An alias of the StudentCopula is TCopula. We can use either as they both refer to the same underlying structure.
TCopula
[8]:
from copulae import StudentCopula degrees_of_freedom = 5.5 # some random number, unnecessary to specify df but done for demonstration purposes t_cop = StudentCopula(dim=ndim, df=degrees_of_freedom) t_cop.fit(residuals)
<copulae.elliptical.student.StudentCopula at 0x20934674250>
The Student Copula differs from the Gaussian Copula in that it has one additonal parameter, the degrees of freedom df. This can be seen from the summary.
df
[9]:
t_cop.summary()
[10]:
t_cop.params
StudentParams(df=10.544336897837123, rho=array([ 0.17744812, -0.3743528 , 0.09229151, 0.11115283, 0.07197855, 0.2650173 , 0.52528912, -0.05500374, -0.07738755, -0.06585443, 0.18123705, 0.05795765, 0.01324161, 0.06096664, 0.01837413, 0.63014145, 0.9398473 , 0.57962713, 0.71668954, 0.41156475, 0.5589529 ]))

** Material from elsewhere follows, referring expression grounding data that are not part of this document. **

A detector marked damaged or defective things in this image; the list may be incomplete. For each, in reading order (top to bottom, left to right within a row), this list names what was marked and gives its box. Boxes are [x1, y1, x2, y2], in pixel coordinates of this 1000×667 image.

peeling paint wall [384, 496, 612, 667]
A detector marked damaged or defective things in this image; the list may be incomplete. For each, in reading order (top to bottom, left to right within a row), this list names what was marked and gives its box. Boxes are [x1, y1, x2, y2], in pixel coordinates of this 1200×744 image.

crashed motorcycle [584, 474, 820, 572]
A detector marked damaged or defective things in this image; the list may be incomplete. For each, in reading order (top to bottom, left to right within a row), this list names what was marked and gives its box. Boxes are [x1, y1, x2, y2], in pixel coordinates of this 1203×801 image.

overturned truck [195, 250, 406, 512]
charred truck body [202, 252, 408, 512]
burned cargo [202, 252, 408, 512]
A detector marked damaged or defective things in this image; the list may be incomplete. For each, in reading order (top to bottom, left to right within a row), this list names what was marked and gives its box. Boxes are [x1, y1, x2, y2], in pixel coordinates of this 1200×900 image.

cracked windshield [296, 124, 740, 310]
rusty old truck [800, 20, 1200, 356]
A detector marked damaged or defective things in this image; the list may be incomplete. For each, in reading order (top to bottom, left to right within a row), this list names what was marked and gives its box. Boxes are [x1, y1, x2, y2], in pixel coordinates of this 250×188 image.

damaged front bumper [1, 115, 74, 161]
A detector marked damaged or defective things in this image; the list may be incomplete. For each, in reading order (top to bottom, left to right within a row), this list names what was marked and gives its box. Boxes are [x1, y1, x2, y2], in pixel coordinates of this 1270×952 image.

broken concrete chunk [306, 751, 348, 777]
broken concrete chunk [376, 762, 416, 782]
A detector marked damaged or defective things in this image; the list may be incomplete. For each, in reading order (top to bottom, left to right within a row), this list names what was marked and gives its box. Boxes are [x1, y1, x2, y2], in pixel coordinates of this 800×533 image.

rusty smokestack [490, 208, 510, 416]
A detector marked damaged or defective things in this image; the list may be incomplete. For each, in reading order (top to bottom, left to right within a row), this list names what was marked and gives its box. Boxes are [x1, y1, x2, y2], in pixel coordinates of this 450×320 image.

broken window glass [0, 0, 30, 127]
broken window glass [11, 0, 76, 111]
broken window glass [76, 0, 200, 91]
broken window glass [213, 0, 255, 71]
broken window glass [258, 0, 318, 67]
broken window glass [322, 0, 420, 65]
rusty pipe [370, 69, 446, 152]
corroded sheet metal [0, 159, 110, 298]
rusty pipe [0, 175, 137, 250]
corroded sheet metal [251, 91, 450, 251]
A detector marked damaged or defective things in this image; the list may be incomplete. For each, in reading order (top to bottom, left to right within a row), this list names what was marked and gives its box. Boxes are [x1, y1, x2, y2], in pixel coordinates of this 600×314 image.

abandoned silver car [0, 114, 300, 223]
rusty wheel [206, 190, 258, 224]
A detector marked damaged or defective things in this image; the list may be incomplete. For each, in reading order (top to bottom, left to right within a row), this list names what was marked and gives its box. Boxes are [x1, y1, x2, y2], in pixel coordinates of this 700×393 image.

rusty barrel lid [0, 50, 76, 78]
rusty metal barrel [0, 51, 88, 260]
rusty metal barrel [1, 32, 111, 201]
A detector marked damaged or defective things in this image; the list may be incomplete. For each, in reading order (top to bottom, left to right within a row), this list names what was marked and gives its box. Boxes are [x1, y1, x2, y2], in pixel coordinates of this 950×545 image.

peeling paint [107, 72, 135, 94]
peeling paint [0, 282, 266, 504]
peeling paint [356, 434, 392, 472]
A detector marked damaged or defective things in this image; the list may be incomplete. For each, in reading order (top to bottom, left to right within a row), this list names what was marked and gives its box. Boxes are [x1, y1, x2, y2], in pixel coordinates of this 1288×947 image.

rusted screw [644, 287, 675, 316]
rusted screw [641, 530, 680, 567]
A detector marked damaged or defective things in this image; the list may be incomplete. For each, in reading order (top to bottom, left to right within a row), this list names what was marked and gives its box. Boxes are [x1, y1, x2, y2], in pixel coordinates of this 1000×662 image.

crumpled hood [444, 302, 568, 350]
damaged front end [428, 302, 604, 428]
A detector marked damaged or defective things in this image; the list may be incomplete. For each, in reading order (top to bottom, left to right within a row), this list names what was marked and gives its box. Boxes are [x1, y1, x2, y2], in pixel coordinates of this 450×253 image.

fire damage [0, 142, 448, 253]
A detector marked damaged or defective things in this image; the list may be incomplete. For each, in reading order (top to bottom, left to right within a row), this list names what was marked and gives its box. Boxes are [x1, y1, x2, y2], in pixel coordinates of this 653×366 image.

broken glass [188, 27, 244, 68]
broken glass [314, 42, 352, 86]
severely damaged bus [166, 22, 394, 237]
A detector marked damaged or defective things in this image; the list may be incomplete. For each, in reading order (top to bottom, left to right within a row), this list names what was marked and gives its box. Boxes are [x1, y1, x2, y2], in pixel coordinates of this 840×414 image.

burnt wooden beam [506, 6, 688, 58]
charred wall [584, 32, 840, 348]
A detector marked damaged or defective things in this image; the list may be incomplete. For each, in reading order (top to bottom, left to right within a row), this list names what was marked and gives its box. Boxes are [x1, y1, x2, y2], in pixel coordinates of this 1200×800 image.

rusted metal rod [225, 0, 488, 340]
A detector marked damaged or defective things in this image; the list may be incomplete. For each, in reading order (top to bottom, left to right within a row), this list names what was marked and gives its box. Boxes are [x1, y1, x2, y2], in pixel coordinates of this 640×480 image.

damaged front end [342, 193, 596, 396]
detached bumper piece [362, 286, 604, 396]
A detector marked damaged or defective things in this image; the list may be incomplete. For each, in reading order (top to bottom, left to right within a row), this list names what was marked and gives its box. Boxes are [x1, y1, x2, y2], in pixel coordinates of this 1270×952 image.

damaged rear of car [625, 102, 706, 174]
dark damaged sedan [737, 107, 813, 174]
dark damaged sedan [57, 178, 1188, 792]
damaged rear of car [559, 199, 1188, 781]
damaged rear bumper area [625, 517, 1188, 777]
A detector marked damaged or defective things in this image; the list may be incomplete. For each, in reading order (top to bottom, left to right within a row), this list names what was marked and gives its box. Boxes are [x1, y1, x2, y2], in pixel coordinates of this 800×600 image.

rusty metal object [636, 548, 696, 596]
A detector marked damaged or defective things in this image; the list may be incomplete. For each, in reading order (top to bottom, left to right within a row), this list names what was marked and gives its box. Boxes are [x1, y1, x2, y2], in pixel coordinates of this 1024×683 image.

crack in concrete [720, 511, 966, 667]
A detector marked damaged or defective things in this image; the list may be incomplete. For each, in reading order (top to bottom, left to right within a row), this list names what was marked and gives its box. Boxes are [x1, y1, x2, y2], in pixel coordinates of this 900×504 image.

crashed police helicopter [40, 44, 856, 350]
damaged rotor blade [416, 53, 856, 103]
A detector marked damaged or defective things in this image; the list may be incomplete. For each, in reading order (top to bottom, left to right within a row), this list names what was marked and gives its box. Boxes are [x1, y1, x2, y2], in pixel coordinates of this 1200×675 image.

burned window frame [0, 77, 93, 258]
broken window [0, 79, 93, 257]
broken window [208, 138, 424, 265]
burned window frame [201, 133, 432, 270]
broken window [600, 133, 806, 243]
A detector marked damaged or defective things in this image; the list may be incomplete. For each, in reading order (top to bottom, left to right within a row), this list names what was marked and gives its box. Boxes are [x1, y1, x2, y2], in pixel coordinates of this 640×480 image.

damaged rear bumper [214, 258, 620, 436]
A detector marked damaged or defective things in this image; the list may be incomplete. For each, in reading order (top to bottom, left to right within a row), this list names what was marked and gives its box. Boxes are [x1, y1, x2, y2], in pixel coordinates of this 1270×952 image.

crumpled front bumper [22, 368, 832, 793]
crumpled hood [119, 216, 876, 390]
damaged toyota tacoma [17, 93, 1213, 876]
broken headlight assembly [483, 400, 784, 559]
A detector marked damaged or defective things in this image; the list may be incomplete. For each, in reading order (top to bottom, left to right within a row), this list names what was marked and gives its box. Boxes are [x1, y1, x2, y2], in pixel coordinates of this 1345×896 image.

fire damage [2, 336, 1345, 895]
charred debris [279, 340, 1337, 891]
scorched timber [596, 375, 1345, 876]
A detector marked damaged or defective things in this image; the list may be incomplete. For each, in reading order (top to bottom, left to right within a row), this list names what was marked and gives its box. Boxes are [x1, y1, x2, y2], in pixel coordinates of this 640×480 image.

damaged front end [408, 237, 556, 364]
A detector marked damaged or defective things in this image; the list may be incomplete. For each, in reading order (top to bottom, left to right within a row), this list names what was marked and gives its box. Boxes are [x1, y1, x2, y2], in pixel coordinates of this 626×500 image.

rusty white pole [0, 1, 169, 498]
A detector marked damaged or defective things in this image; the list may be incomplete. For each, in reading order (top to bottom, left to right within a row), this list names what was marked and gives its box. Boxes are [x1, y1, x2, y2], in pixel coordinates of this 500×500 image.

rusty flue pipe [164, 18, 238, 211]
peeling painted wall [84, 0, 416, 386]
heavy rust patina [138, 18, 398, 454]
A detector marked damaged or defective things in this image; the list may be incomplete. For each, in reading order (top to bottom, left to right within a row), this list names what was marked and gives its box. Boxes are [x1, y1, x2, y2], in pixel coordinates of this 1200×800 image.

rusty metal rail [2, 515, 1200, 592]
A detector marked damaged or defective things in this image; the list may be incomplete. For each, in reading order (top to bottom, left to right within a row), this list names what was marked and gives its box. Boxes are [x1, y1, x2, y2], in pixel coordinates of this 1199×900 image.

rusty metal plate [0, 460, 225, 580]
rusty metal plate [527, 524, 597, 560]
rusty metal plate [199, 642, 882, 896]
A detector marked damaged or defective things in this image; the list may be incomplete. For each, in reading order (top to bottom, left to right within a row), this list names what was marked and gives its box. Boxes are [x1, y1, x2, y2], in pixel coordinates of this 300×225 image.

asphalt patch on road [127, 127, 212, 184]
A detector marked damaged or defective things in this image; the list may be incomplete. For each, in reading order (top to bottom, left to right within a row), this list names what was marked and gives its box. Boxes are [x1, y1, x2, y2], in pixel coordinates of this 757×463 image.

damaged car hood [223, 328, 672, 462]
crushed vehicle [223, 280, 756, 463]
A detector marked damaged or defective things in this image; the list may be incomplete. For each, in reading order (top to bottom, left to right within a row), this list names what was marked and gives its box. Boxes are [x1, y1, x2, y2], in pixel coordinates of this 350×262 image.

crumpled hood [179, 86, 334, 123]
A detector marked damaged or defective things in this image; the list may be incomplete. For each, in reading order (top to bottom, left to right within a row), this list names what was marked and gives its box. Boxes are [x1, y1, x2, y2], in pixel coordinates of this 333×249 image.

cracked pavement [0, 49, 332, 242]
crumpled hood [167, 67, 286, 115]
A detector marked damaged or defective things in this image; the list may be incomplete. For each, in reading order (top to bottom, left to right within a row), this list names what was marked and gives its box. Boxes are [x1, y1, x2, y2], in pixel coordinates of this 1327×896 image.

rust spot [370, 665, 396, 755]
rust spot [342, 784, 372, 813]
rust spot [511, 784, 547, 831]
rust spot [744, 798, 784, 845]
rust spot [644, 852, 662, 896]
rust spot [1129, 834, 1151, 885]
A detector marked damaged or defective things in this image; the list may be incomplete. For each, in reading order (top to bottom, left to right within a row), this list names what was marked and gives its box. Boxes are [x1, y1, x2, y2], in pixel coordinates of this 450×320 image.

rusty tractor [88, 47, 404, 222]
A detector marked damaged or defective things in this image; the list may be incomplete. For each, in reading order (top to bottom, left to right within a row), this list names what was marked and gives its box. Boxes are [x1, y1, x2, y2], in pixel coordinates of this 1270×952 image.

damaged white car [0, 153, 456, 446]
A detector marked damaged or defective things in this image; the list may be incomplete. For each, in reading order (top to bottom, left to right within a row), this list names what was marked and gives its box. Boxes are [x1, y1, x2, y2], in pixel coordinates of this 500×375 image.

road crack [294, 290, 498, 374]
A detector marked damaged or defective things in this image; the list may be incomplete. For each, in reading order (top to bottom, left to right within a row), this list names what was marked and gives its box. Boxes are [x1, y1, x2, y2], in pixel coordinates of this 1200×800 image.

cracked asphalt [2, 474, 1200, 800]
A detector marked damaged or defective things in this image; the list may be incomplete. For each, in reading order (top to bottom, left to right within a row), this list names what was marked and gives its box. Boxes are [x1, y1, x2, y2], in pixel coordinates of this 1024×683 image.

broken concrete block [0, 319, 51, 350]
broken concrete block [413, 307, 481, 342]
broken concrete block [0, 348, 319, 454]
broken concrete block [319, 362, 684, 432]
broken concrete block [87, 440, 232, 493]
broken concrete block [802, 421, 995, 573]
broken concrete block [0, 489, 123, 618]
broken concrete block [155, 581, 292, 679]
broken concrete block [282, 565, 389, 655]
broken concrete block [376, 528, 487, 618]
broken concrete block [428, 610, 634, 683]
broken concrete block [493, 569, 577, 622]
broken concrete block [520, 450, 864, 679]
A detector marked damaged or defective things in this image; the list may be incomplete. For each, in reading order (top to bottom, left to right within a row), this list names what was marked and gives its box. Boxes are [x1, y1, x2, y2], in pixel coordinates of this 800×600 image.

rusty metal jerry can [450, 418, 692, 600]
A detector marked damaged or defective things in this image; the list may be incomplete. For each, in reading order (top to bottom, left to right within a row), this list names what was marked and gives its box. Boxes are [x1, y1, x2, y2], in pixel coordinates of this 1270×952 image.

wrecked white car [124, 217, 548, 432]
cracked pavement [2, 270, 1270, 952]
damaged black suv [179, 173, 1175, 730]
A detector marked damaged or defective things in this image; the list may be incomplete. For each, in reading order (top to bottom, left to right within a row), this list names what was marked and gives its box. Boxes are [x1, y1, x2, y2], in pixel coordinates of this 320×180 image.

The rest of the StudentCopula work in the same way as the GaussianCopula. The only thing to note is that to change the degrees of freedom, you use t_cop.df = 5.
t_cop.df = 5
That’s all folks. We’ve gone through a simple example on
How to fit a copula
How to get a summary of the fitted copula
How to get the PDF, CDF and Random Variates (these can be done even before fitting provided you set the parameters of the copula manually)
How to overwrite parameters of the copula
All the copulas pretty much follow a similar API so you probaby know about all of them already.